CARROLL COUNTY HUMANE SOCIETY
Phone numbers are:
410-875-5379 0r
410-848-4810

*2517 Littlestown Pike*
*Westminster, MD 21158
410-848-4810 or 410-875-5379*
*Fax # 410-875-9736* 

These buns were dropped off anonymously....one was found dead.

They have had no TLC and are not fixed.

The HS is overwhelmed...when I talked to the director this morning she said that overnight the bunnies all got out and were running all over within the cat room.

She says they are wild and untame but really-they are scared to death and have never felt love and all are unfixed(which means they maybe pregnant)

I am begging for help. I have foster homes and transporters available.

I am in Michigan and have 61 bunnies living IN MY HOME in pens here...and we are all species so along with abour 40 plus cats/kits, all the birds and guineas and rats and Gooz...I am so so out of room BUT I will do ANYTHING I can to help with this...

ANYONE familiar with rabbit care-CAN you foster or adopt one of these bunnies? Can anyone here also help with transport if we find home in PN or a surrounding state...?

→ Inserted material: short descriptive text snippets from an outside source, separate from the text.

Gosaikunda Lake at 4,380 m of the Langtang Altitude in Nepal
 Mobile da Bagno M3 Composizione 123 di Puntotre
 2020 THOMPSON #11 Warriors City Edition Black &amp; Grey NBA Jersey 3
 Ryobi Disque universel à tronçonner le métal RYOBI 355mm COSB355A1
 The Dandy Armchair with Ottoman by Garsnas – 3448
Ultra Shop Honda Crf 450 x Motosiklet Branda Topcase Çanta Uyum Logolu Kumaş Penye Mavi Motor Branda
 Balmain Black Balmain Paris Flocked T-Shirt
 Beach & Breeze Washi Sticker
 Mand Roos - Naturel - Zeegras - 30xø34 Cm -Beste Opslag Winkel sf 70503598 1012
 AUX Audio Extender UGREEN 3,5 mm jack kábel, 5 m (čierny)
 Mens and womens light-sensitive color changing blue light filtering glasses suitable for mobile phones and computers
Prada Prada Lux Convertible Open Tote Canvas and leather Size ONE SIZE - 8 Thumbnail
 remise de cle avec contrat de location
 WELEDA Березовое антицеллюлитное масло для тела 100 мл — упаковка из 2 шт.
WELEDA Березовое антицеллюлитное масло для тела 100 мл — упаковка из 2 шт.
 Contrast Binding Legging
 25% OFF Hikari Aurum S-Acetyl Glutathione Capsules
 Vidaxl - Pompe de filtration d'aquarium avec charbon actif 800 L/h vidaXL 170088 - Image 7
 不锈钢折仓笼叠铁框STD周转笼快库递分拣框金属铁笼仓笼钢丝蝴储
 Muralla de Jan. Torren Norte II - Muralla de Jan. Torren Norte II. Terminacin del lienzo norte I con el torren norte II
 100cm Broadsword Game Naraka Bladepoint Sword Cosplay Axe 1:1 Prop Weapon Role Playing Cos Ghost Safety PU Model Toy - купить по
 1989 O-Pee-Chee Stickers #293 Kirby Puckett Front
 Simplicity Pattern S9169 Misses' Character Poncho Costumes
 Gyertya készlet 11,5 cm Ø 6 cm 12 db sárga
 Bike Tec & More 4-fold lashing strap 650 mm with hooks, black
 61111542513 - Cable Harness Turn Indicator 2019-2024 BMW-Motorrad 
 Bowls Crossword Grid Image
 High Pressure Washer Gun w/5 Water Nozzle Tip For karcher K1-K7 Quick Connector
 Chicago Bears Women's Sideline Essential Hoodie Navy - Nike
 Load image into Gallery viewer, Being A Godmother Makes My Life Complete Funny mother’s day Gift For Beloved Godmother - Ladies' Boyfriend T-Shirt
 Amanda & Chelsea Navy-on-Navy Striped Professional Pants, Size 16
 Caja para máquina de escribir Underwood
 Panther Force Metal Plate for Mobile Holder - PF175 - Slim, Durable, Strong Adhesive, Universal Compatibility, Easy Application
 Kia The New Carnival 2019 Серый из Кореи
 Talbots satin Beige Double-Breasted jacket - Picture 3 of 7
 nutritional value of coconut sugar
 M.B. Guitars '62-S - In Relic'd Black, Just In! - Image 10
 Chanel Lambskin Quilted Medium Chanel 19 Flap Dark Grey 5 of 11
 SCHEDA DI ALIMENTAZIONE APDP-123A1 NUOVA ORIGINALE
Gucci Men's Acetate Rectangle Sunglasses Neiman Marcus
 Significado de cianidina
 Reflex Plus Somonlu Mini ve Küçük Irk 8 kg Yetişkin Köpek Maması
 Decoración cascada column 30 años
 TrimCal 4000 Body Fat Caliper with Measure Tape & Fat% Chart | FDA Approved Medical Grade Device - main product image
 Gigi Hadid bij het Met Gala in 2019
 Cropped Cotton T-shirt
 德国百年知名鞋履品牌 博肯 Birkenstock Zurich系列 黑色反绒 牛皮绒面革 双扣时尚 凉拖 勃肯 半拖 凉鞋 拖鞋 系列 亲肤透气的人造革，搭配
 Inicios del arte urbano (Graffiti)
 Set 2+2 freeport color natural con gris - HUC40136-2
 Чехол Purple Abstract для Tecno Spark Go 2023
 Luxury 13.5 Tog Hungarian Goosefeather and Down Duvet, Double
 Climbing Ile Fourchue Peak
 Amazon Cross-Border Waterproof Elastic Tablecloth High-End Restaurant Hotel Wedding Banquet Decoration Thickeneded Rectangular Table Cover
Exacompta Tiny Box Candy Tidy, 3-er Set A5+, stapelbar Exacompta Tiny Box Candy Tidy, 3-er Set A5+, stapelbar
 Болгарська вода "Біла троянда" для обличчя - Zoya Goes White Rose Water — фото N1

Email me personally christinelea1(@yahoo)for more info...ALSo feel free to call the CCHS and express your opinion on ANY HumaneSociety deciding the answer is to simply euthanize-IT IS NOT THE ANSWER!


----------



## Nancy McClelland (Nov 10, 2010)

ray:


----------



## christinelea1 (Nov 10, 2010)

Oh God bless you doll baby bunny lovin special person, XXOOO ALL my prayers and love WITH you always and forever AND YOUR FUR BABES TOO

Just bless you enough for caring to POST SOMETHING....GEE

***TEARS*** for bunnies in parrel everywhere for ever;it kills me so badly!


----------



## OakRidgeRabbits (Nov 11, 2010)

There is a rabbit show in Westminster, MD this weekend. If you're needing transport for these bunnies from the shelter to surrounding states, Google and contact some breeders in or around Maryland. They may be able to help get bunnies from point A to B for you.


----------



## 838383 (Nov 11, 2010)

I'd take one if you can get them to Central PA. :c


----------



## christinelea1 (Nov 13, 2010)

OH LORD!!!

How would i find breeders going there-I dont have a clue!!!

To the person in PA...I just maybe able to do that...

I will try googleing breeders in Westminster right now) Thanks for the tip!

OH and 6 have already been saved))


----------



## christinelea1 (Nov 13, 2010)

OK we got the last 4 out today
We need to get them from Baltimore MD to Janet Queen, in NH and possibly one to PA??Please email me further if you are serious, ok??
The buns are little lops and rex mini mini's


----------



## 838383 (Nov 14, 2010)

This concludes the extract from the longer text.